My undoing came at the end of the film, the scene between Damon and his therapist, Robin Williams, that was the culmination of all their therapeutic work. A breakthrough, a teary hug and the words that have become a mantra of unconditional love: “It’s not your fault. It’s not your fault.” Years of abuse, neglect, foster homes and attachment issues dissolved by persistent love, humor and acceptance. This speaks to me as a woman, a mother, a friend and as a future therapist. It speaks volumes about how love really does heal people and set us all free. Williams’ death in recent years made this scene all the more painful and poignant, how a person who devoted his life to making other people laugh struggled so deeply to find his own joy and light. I want to say, it’s not your fault either, Robin.
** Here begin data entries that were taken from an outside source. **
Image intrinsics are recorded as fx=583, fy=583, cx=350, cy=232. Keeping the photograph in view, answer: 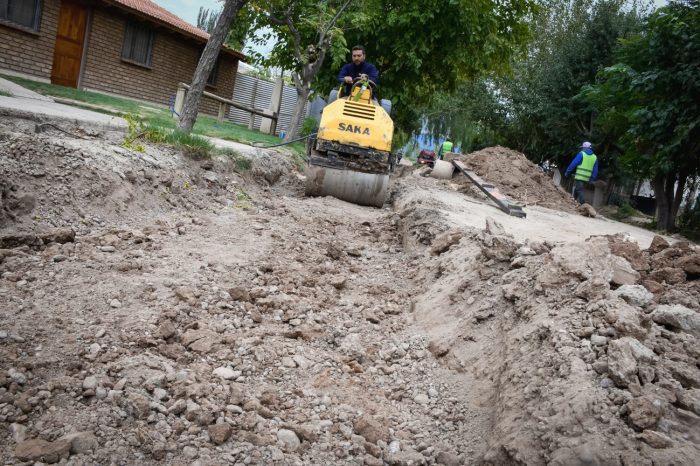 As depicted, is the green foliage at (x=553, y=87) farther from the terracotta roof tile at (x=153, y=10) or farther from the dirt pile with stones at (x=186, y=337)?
the dirt pile with stones at (x=186, y=337)

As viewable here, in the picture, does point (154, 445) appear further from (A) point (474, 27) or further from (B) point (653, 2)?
(B) point (653, 2)

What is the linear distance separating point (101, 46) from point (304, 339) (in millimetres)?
16516

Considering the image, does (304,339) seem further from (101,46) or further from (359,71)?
(101,46)

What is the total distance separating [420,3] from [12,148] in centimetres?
1275

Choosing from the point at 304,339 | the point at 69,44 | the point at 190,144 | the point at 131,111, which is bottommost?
the point at 304,339

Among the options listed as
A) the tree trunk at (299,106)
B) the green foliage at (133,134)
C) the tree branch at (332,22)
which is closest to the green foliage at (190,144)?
the green foliage at (133,134)

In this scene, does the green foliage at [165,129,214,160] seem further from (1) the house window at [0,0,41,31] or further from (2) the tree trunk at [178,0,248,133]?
(1) the house window at [0,0,41,31]

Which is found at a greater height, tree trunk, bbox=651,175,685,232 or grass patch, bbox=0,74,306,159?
tree trunk, bbox=651,175,685,232

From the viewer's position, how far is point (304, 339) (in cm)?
427

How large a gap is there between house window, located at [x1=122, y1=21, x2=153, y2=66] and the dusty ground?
13891 millimetres

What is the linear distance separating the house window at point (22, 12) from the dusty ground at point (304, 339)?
1148 centimetres

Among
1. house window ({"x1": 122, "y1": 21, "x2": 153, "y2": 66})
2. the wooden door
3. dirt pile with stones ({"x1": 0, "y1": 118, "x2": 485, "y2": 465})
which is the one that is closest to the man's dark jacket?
dirt pile with stones ({"x1": 0, "y1": 118, "x2": 485, "y2": 465})

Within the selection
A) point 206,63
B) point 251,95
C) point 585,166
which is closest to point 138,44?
point 251,95

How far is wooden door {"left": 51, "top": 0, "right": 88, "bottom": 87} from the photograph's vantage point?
54.4ft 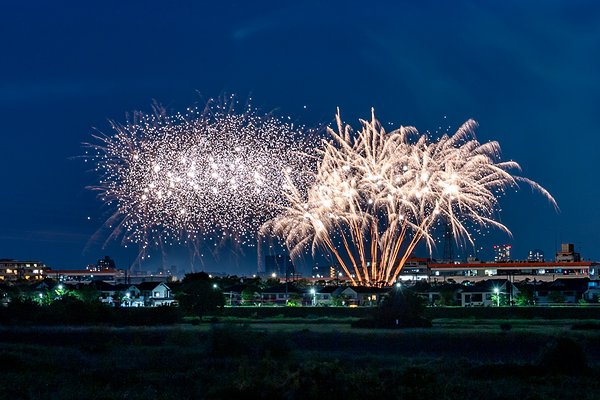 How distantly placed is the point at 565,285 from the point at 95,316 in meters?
61.1

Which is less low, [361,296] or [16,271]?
[16,271]

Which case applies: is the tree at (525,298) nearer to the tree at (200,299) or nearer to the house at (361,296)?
the house at (361,296)

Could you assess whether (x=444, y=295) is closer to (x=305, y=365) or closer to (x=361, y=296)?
(x=361, y=296)

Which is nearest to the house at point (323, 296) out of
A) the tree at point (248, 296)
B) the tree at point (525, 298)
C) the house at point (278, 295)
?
the house at point (278, 295)

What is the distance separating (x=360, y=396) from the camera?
2669 centimetres

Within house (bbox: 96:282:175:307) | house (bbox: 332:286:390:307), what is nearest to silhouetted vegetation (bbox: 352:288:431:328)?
house (bbox: 332:286:390:307)

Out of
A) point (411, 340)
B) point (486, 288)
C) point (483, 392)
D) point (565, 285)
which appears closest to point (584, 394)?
point (483, 392)

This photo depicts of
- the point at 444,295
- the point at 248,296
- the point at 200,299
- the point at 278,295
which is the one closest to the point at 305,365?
the point at 200,299

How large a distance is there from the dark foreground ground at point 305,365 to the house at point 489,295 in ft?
131

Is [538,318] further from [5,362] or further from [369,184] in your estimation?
[5,362]

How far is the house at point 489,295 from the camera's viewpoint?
96812 mm

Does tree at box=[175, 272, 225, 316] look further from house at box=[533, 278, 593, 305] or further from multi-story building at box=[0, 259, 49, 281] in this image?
multi-story building at box=[0, 259, 49, 281]

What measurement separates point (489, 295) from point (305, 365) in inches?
2868

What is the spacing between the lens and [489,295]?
98438 millimetres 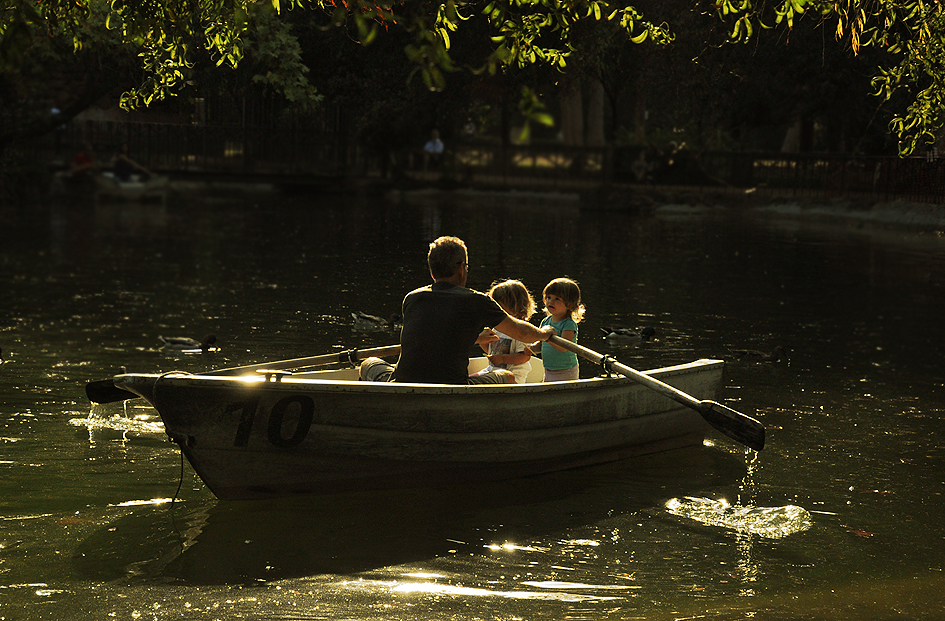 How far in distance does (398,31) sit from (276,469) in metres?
12.6

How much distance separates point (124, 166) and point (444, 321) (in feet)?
103

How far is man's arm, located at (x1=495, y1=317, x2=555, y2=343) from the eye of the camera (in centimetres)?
760

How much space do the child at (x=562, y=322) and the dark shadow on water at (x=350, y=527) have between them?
805 millimetres

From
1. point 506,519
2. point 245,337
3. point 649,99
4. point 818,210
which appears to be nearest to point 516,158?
point 649,99

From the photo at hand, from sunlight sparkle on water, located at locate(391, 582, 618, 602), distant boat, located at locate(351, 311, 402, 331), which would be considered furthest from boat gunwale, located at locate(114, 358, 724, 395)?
distant boat, located at locate(351, 311, 402, 331)

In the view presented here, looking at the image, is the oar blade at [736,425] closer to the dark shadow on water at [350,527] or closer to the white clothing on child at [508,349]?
the dark shadow on water at [350,527]

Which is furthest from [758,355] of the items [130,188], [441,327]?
[130,188]

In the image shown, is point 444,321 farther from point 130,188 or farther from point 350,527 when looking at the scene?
point 130,188


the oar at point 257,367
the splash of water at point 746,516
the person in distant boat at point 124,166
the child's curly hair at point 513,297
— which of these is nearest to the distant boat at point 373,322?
the oar at point 257,367

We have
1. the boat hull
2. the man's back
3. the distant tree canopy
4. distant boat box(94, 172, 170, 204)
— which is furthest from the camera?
distant boat box(94, 172, 170, 204)

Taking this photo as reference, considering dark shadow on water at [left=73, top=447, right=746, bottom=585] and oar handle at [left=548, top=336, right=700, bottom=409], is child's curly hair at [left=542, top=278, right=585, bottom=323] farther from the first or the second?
dark shadow on water at [left=73, top=447, right=746, bottom=585]

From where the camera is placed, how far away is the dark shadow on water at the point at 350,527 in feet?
20.5

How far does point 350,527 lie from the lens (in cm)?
690

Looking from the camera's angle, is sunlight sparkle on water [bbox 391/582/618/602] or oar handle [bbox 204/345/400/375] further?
oar handle [bbox 204/345/400/375] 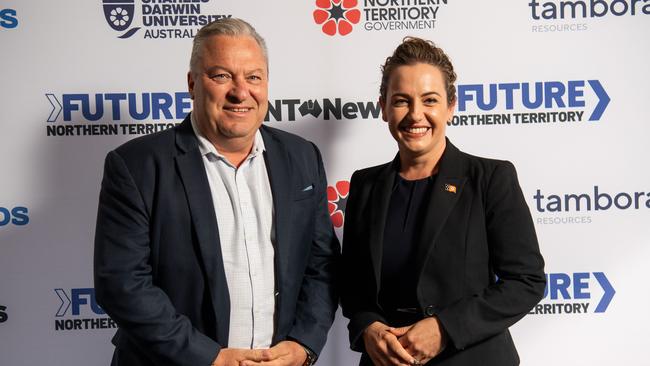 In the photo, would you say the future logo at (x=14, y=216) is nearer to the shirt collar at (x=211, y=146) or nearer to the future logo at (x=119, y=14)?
the future logo at (x=119, y=14)

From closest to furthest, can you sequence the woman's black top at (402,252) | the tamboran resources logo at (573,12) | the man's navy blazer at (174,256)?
1. the man's navy blazer at (174,256)
2. the woman's black top at (402,252)
3. the tamboran resources logo at (573,12)

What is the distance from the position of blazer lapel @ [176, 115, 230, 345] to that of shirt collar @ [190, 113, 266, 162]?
0.06 m

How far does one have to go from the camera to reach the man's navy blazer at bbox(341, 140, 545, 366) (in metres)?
1.72

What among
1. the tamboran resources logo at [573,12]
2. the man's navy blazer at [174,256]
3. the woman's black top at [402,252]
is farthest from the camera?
the tamboran resources logo at [573,12]

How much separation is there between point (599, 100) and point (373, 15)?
106 centimetres

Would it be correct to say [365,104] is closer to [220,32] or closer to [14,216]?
[220,32]

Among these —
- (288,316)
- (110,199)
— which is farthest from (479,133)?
(110,199)

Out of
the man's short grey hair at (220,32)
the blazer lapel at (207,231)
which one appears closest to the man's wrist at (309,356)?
the blazer lapel at (207,231)

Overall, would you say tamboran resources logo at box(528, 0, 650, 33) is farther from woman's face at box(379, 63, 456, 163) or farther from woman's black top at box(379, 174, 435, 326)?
woman's black top at box(379, 174, 435, 326)

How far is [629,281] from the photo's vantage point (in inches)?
112

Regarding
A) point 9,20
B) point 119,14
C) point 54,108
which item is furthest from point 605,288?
point 9,20

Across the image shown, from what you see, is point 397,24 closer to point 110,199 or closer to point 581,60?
point 581,60

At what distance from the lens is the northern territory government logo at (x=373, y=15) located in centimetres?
278

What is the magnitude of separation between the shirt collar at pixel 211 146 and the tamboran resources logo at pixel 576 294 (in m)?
1.60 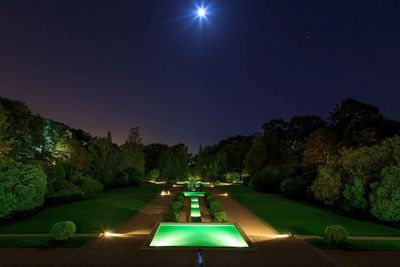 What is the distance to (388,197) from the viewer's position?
52.2 feet

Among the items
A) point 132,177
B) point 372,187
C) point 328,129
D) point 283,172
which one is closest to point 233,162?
point 328,129

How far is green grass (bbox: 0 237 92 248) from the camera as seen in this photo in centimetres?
1139

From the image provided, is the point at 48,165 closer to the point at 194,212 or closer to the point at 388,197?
the point at 194,212

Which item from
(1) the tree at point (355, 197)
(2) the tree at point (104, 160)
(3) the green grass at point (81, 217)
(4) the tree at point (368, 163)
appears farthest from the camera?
(2) the tree at point (104, 160)

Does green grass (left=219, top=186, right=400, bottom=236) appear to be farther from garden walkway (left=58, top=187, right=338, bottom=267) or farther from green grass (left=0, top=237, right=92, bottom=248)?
green grass (left=0, top=237, right=92, bottom=248)

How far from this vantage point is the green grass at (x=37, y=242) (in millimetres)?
11386

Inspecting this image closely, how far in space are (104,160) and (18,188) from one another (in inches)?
937

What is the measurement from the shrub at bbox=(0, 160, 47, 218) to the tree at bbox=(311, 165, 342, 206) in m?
13.5

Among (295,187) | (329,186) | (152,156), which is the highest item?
(152,156)

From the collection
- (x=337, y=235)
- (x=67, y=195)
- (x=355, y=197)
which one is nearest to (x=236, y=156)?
(x=67, y=195)

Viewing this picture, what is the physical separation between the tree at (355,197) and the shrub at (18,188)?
13548mm

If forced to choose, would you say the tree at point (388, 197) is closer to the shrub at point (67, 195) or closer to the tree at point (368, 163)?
the tree at point (368, 163)

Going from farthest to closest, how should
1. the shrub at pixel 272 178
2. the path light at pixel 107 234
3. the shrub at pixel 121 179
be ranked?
the shrub at pixel 121 179
the shrub at pixel 272 178
the path light at pixel 107 234

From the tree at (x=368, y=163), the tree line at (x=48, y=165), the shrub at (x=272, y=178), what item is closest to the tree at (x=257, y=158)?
the shrub at (x=272, y=178) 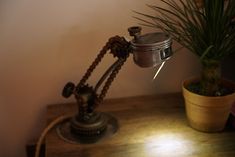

When Will Hunting finally realized and accepted his own worth, he was ready to build a real life for himself. Ready to go on the big job interview, honor his intellect and test his limits. Ready to take the car his friends bought for him and drive out to California to “go see about a girl. Sometimes we have to see a film again, after life and love have tumbled us around a bit, to really understand and appreciate it. Or see it with someone we love and allow it to speak without words what needs to be said from one heart to another without anything lost in translation.
That scene dissolved me, striking my heart center and rendering me speechless in a way it never did 22 years ago, when I was young and thought passion was everywhere, in everyone, and love and connection were so easy to find. That is the kind of love I want at long last for me, and I want it one day for my children — to be this person, to be with this person. The kind of person who will work through her crap, remove the debris and the resistance she has built against love, and bust through to the other side of fear and limitation and really, really live.
To be the kind of person who has the courage to venture into the unknown, and go and see about a girl.